* _Exercise_
Copy, from the material below, each line that contains the word "Ancient".

* _The data_
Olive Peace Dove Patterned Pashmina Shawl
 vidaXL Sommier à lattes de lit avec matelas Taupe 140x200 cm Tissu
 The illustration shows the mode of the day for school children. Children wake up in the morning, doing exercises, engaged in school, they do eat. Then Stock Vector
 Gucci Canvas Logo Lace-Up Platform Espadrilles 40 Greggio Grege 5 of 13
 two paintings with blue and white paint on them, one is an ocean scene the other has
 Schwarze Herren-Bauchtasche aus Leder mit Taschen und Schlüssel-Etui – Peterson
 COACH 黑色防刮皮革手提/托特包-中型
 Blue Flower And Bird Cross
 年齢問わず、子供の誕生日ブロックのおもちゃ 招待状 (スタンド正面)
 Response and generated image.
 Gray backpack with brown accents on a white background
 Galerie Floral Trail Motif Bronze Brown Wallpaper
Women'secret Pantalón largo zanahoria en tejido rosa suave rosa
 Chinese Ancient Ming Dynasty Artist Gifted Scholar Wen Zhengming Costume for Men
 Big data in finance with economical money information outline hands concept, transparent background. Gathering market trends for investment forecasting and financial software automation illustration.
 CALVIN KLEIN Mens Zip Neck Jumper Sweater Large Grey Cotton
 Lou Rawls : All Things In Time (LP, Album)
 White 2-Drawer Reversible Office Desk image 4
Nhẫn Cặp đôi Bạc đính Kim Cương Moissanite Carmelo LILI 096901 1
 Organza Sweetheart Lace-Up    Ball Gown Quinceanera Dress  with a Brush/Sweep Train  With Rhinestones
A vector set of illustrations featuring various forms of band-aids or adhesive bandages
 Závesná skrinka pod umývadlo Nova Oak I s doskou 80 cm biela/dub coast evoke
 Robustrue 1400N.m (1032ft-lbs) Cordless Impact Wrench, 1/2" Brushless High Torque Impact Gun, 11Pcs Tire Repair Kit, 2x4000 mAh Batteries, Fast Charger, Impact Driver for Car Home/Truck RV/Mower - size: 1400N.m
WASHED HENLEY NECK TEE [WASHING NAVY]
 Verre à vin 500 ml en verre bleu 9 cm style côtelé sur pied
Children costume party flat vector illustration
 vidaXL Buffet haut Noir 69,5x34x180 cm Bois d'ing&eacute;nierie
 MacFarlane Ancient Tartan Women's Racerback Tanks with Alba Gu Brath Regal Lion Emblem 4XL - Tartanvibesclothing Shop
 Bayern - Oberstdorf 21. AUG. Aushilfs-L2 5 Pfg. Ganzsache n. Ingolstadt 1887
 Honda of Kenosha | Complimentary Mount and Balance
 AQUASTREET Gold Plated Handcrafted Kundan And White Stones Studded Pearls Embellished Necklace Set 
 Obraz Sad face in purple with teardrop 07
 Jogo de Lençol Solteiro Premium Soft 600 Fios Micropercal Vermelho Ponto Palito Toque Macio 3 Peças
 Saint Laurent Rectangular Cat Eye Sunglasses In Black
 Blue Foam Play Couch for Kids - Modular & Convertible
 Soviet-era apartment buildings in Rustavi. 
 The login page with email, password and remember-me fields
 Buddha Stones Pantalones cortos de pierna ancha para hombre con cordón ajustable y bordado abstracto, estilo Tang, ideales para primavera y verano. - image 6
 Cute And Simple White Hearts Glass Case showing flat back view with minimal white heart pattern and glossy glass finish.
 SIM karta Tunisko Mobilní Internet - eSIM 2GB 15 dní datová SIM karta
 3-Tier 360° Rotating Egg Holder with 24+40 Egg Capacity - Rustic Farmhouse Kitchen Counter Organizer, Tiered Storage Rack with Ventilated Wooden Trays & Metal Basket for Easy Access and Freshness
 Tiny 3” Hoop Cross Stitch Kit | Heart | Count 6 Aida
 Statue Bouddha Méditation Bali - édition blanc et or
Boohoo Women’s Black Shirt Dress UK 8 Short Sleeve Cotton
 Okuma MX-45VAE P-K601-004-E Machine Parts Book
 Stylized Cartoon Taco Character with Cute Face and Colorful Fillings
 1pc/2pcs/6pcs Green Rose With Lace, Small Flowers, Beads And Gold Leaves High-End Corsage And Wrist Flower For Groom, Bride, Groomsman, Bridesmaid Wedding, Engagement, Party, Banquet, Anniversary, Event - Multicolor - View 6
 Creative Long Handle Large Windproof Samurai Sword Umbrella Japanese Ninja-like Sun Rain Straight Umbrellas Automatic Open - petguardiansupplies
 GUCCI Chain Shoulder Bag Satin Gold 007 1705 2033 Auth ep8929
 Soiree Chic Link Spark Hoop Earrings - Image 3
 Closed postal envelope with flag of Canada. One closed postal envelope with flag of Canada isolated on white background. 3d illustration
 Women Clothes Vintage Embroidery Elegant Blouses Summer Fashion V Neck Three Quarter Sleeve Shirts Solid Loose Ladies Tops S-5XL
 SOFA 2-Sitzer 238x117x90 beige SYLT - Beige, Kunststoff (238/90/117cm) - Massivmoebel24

* _Answer for this exercise_
 Chinese Ancient Ming Dynasty Artist Gifted Scholar Wen Zhengming Costume for Men
 MacFarlane Ancient Tartan Women's Racerback Tanks with Alba Gu Brath Regal Lion Emblem 4XL - Tartanvibesclothing Shop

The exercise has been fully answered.